▶ _Exercise directions_: Without including any pictures, write out the listing below exactly.

▶ _Data block_:
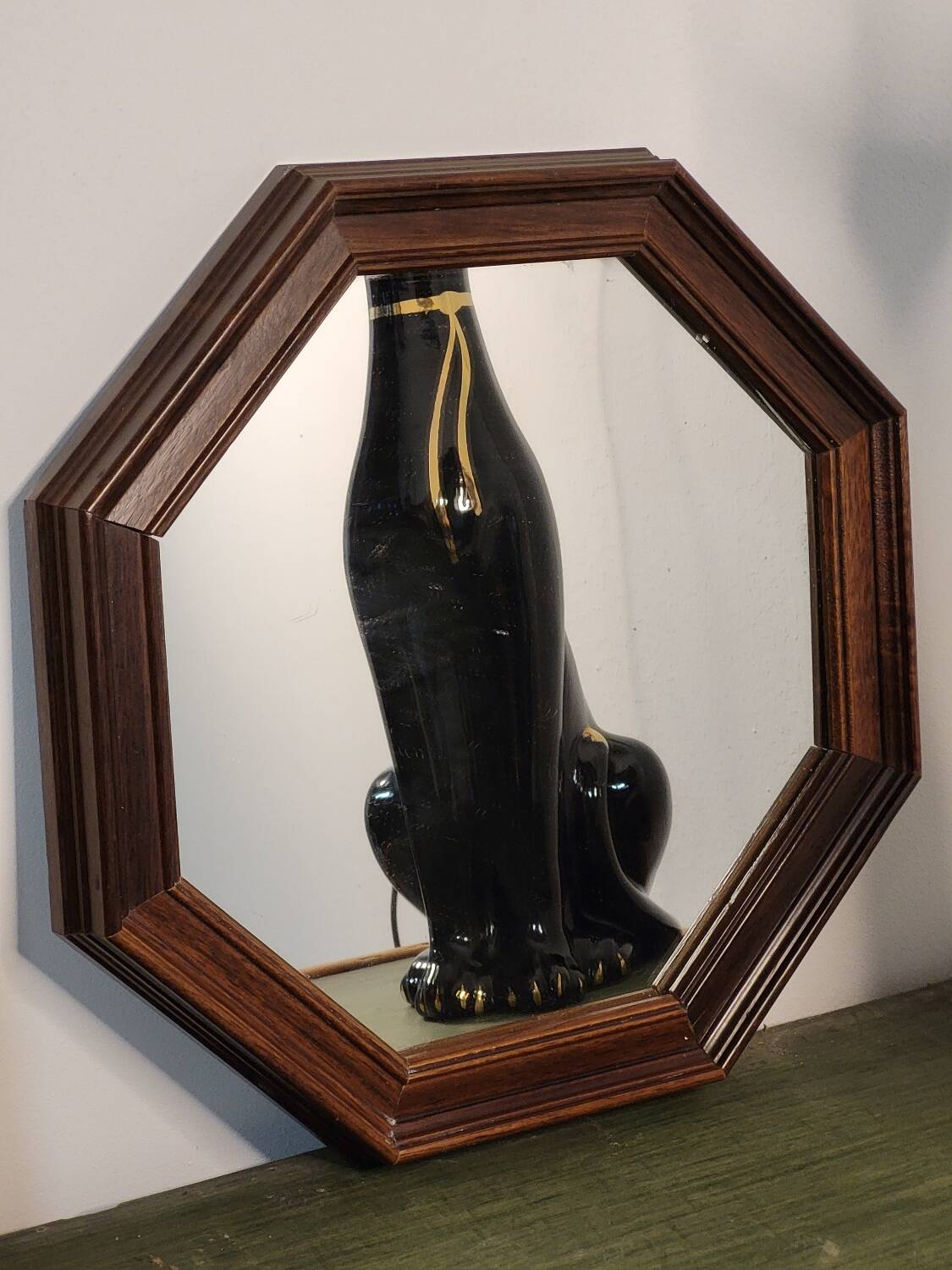 Octagonal mirror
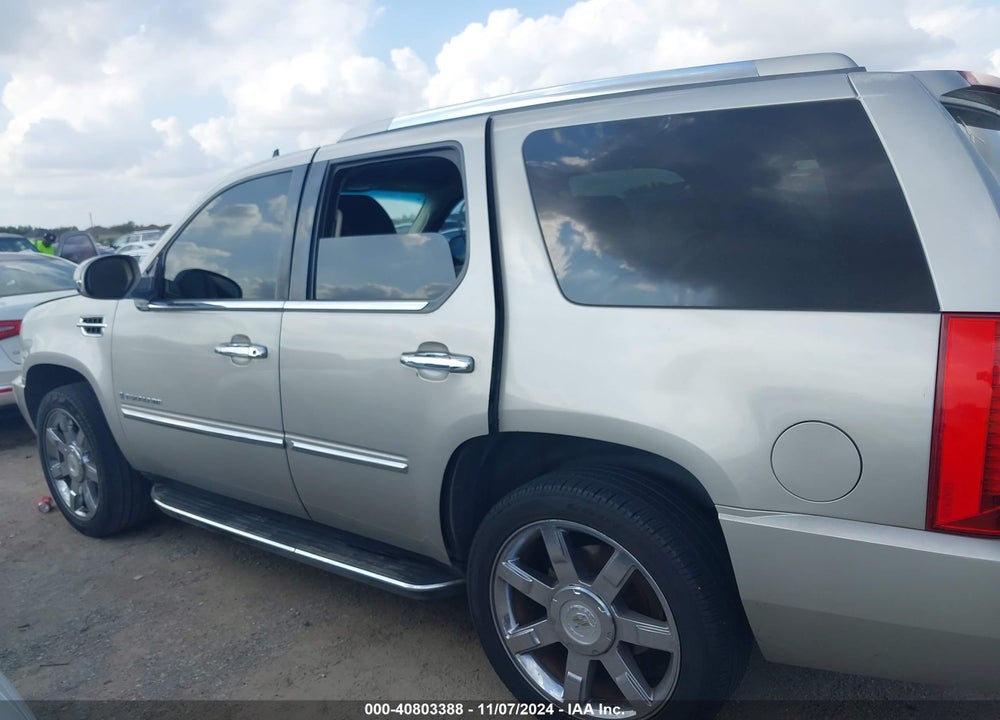 2008 CADILLAC ESCALADE STANDARD VIN: 1GYEC63828R117615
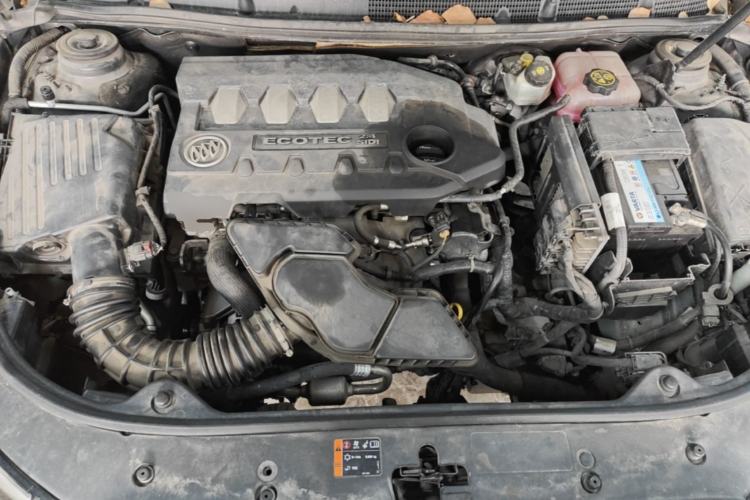Used Buick LaCrosse 2012 2.4L SIDI Haoya Edition Engine Bay
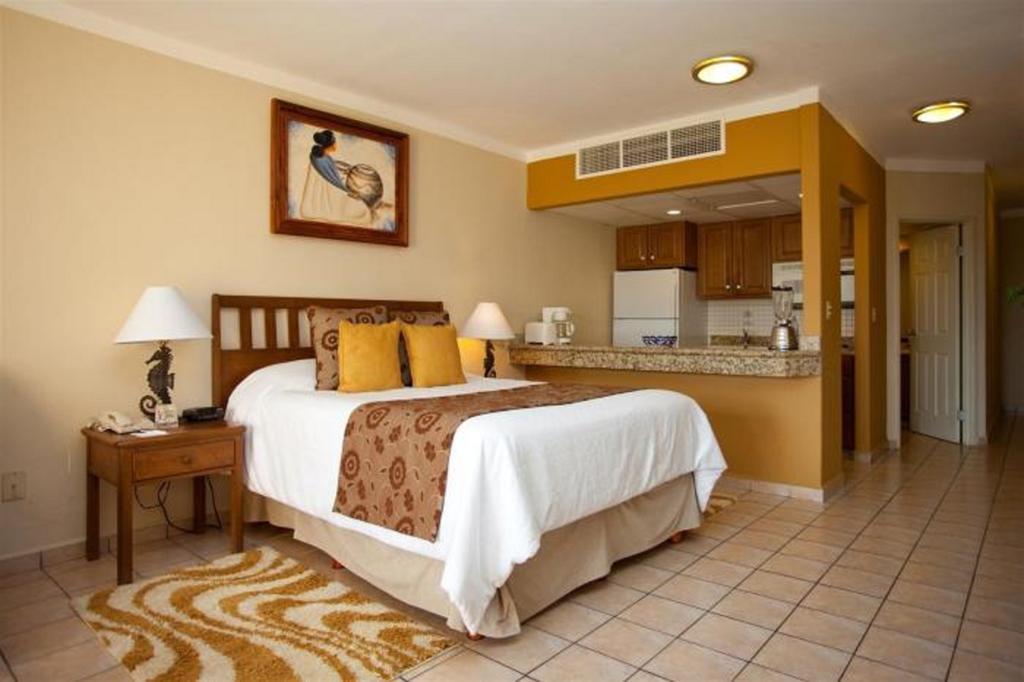 Suites At Vdp Cabo San Lucas Beach Resort And Spa Room photo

▶ _Written reply_:
 Octagonal mirror
 2008 CADILLAC ESCALADE STANDARD VIN: 1GYEC63828R117615
Used Buick LaCrosse 2012 2.4L SIDI Haoya Edition Engine Bay
 Suites At Vdp Cabo San Lucas Beach Resort And Spa Room photo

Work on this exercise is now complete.